Courts have recognized a narrow exception to the direct purchaser rule when the end purchaser is owned or controlled by the seller. See Illinois Brick, 431 U.S. at 736 n. 15;Howard Hess Dental Laboratories Inc. v. Dentsply, 424 F.3d 363, 372 (3d Cir. 2005). The Tenth Circuit restricts this exception strictly to cases where the direct purchaser is barred from pursuing a claim against the seller. Sports Racing Servs., 131 F.3d at 889. Even assuming this case involved potential overcharges passed on to subsequent purchasers, plaintiff does not allege that the eventual purchasers of structured settlement services are barred from bringing their own claims directly.

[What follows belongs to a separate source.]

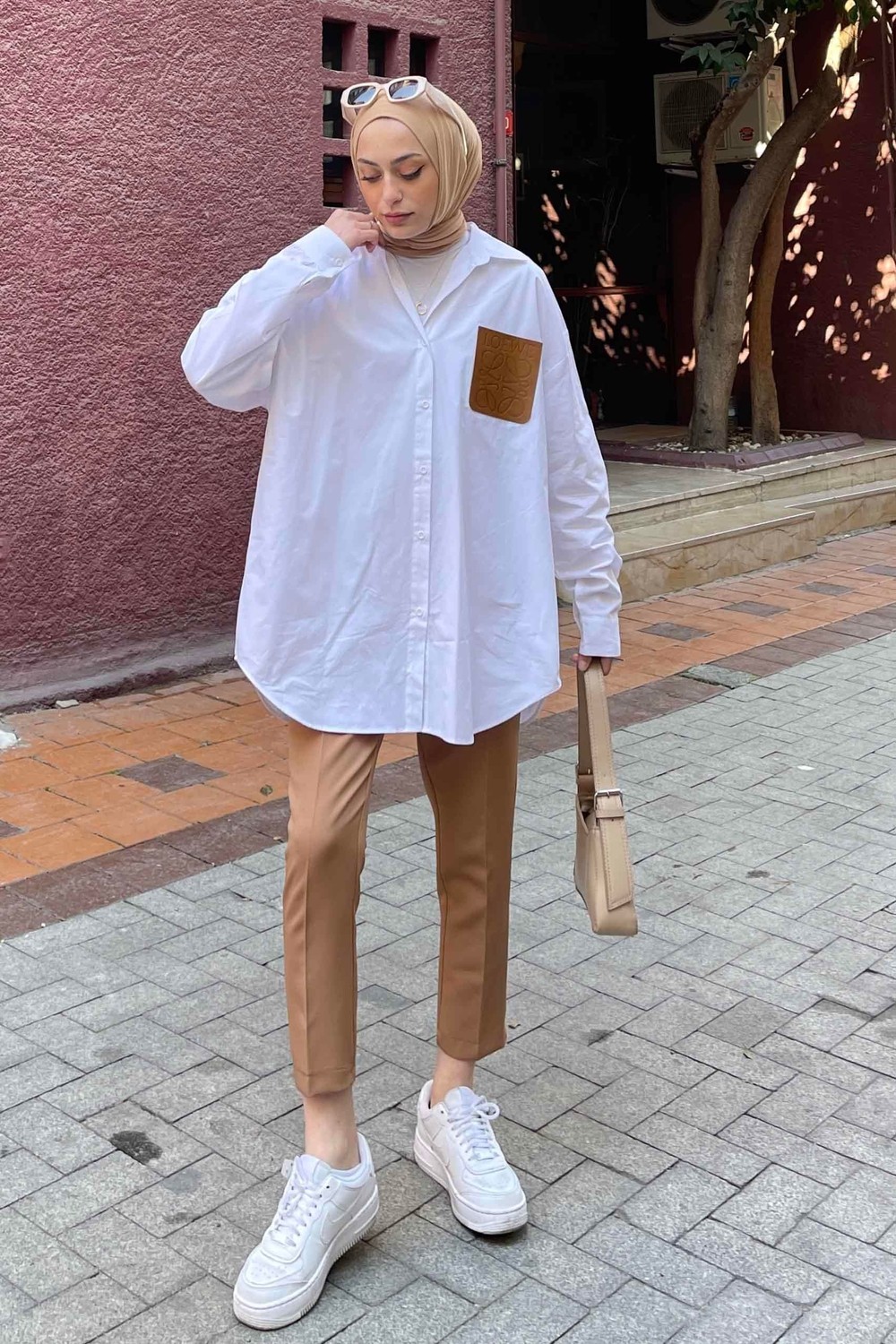 Lamelif Deri Cep Detaylı Gömlek Beyaz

Plaintiff has not stated an exception to Illinois Brick that would allow him to proceed with his antitrust claims.
In summary, plaintiff is not a buyer or seller who has suffered a direct antitrust injury. He is merely an agent whose contract with Allstate was terminated for alleged acts of whisteblowing. This is not sufficient to allege an antitrust injury; plaintiff has merely alleged that he suffered personal economic harm when Allstate terminated his contract to act as its authorized agent. Simply because plaintiff can no longer sell Allstate structured settlement products does not mean that Allstate has engaged in an illegal restraint of trade under federal antitrust law. Counts three and four of plaintiff's complaint do not state a claim upon which relief can be granted and must be dismissed. IT IS THEREFORE ORDERED that Defendants' Joint Motion to Dismiss Plaintiffs' Complaint and Brief in Support (Dkt. # 11) is granted, and plaintiff's complaint (Dkt. # 1) is dismissed. This is a final order termininating this action.